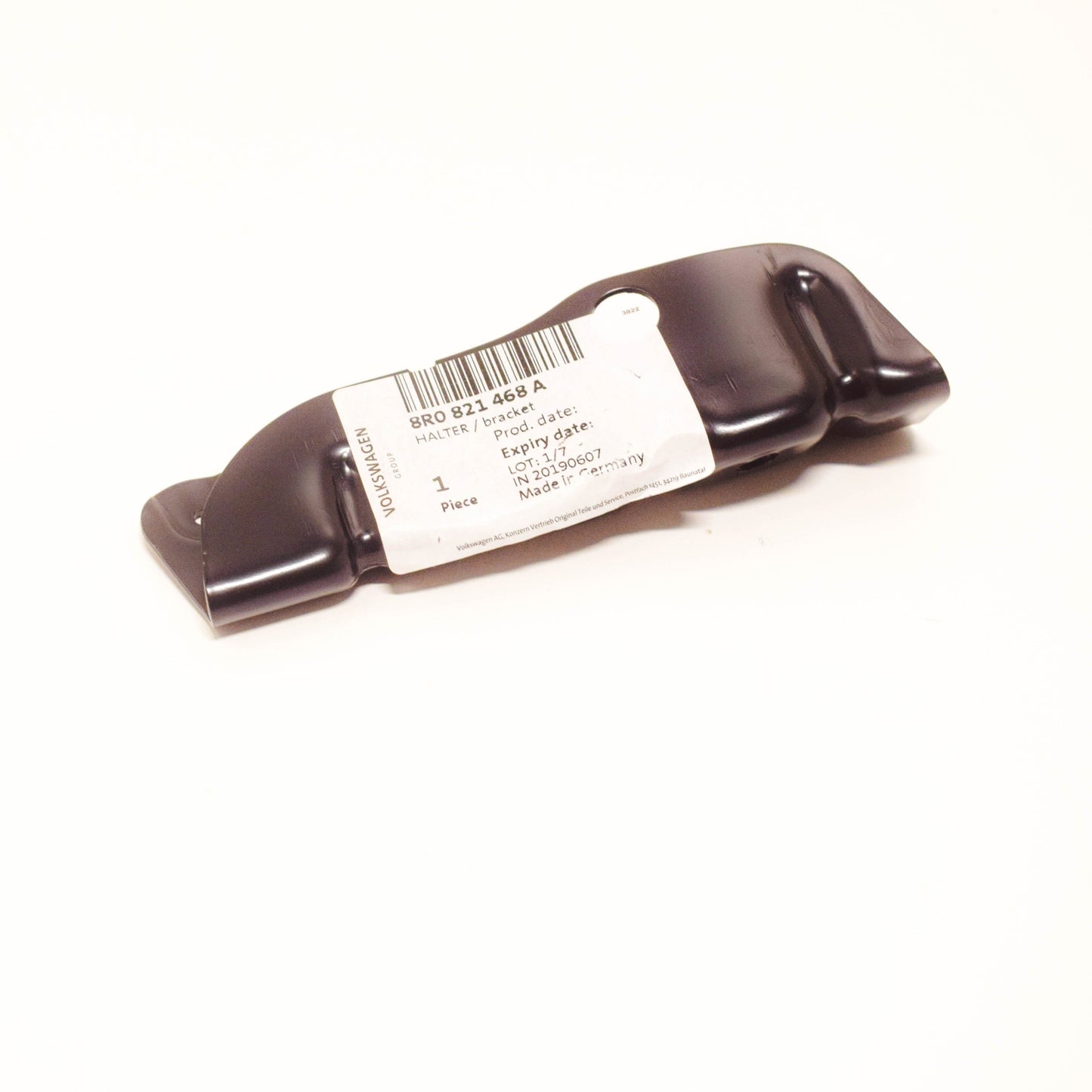 NEW AUDI Q5 8R FRONT RIGHT FENDER BRACKET 8R0821468A 2013 ORIGINAL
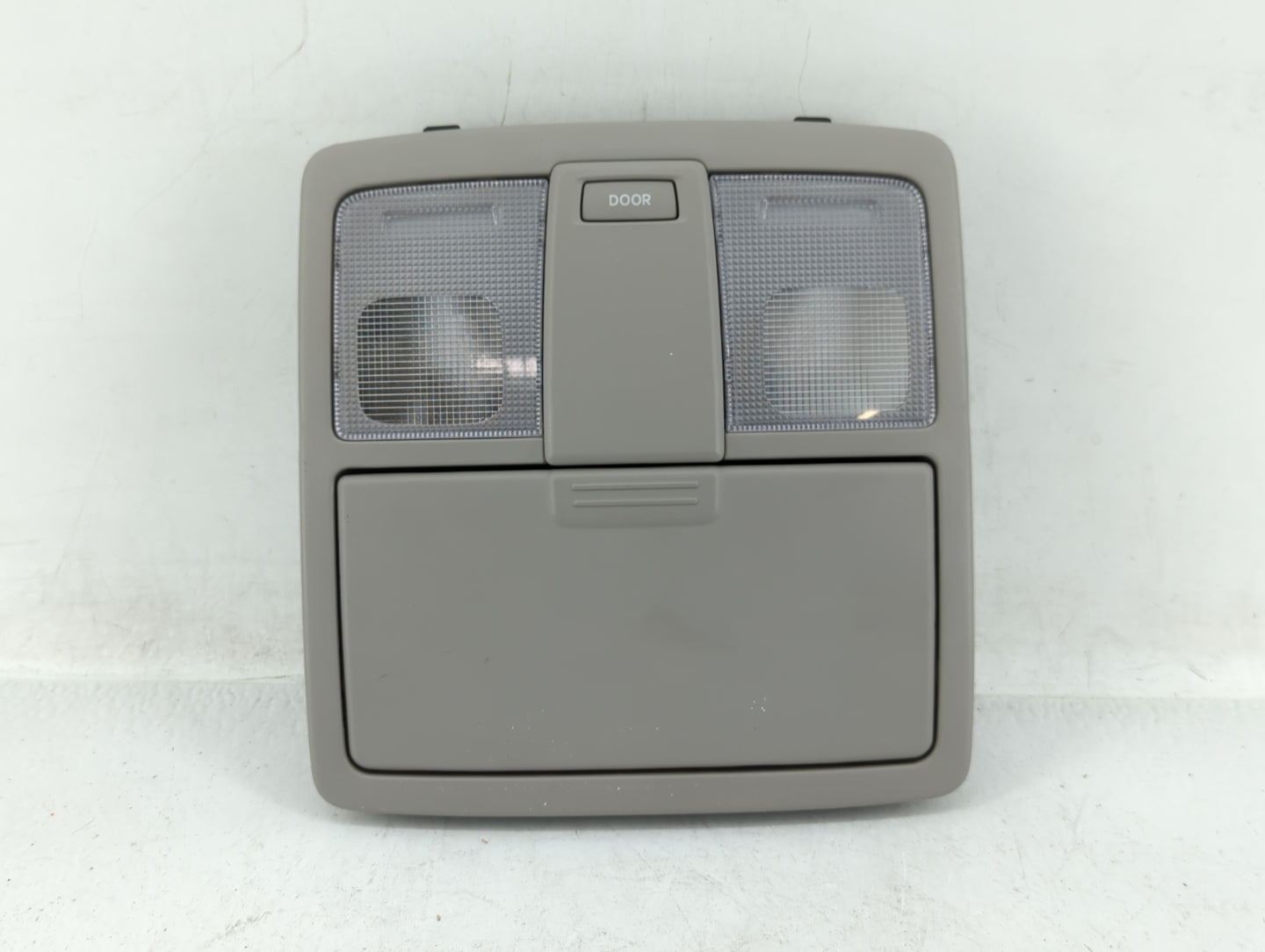 2011-2016 Kia Sportage Overhead Roof Console Grey 462545 - Oemusedautoparts1.com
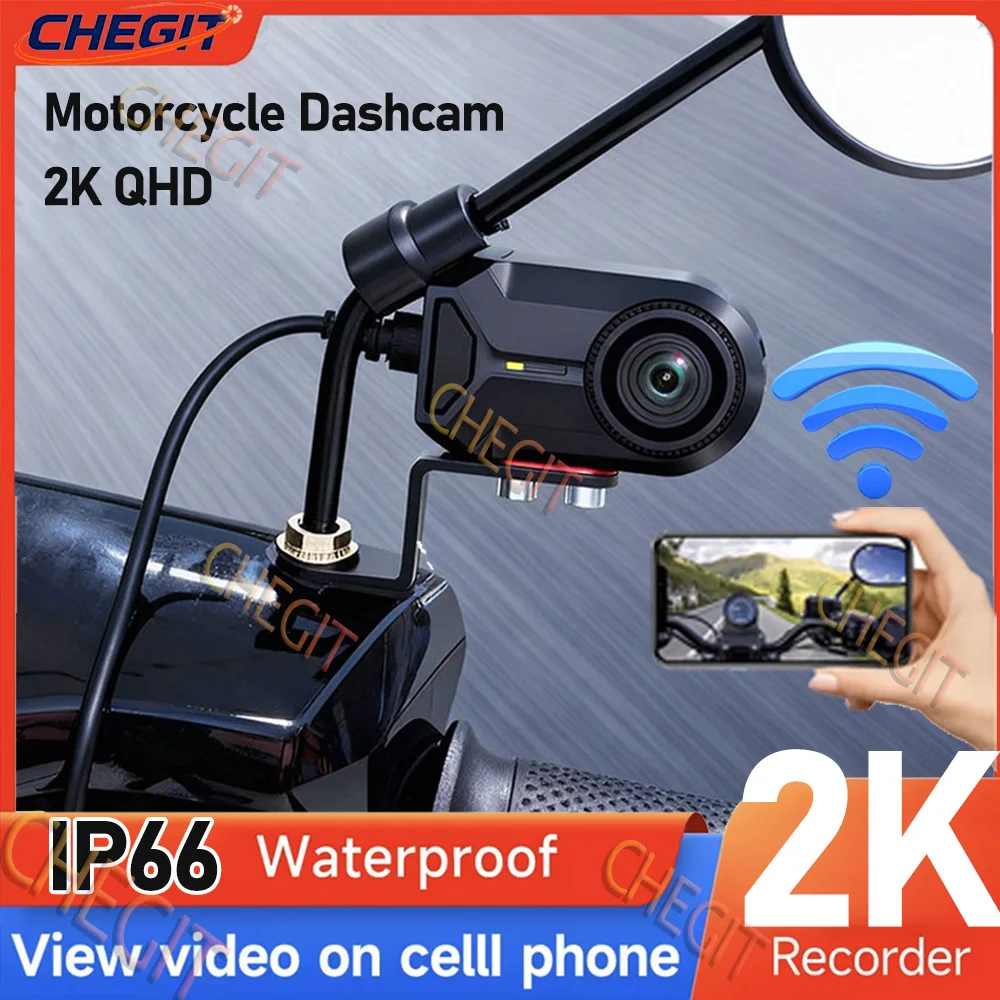 2K HD Motorcycle Driving Dash  - Mountain Biking Images recensione e prezzo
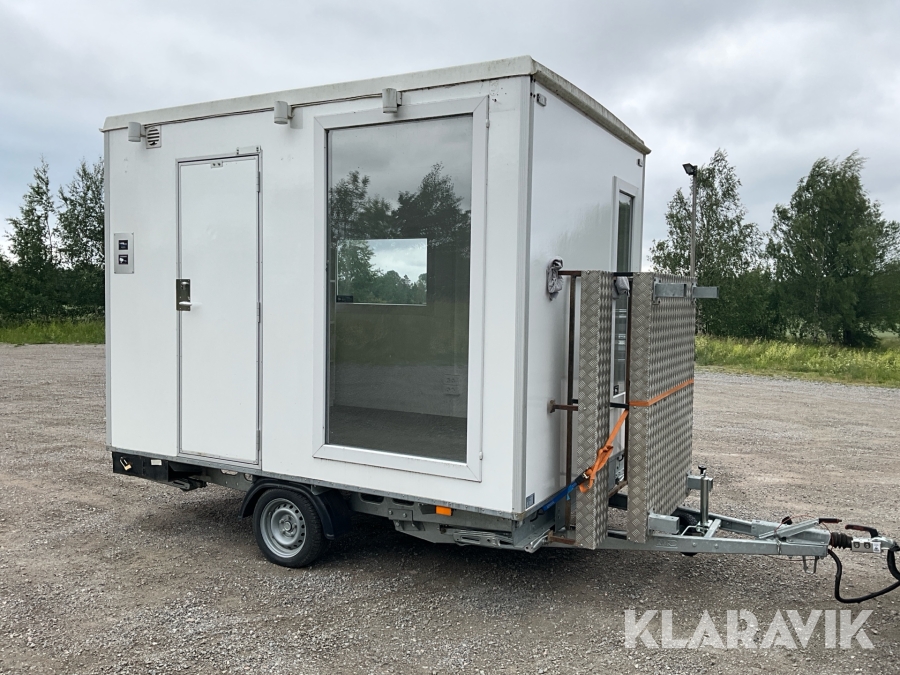 Mobil butiksvagn Scanvogn 320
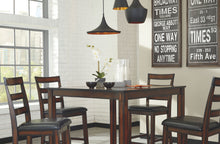 Load image into Gallery viewer, Coviar - Brown - DRM Counter Table Set (Set of 5)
——————————
▸ **What you have to do**: Take the line containing "Mobil butiksvagn Scanvogn 320" and every line after it through the end of the data, and write them out exactly, with no pictures.

▸ **Task result**:
 Mobil butiksvagn Scanvogn 320
 Load image into Gallery viewer, Coviar - Brown - DRM Counter Table Set (Set of 5)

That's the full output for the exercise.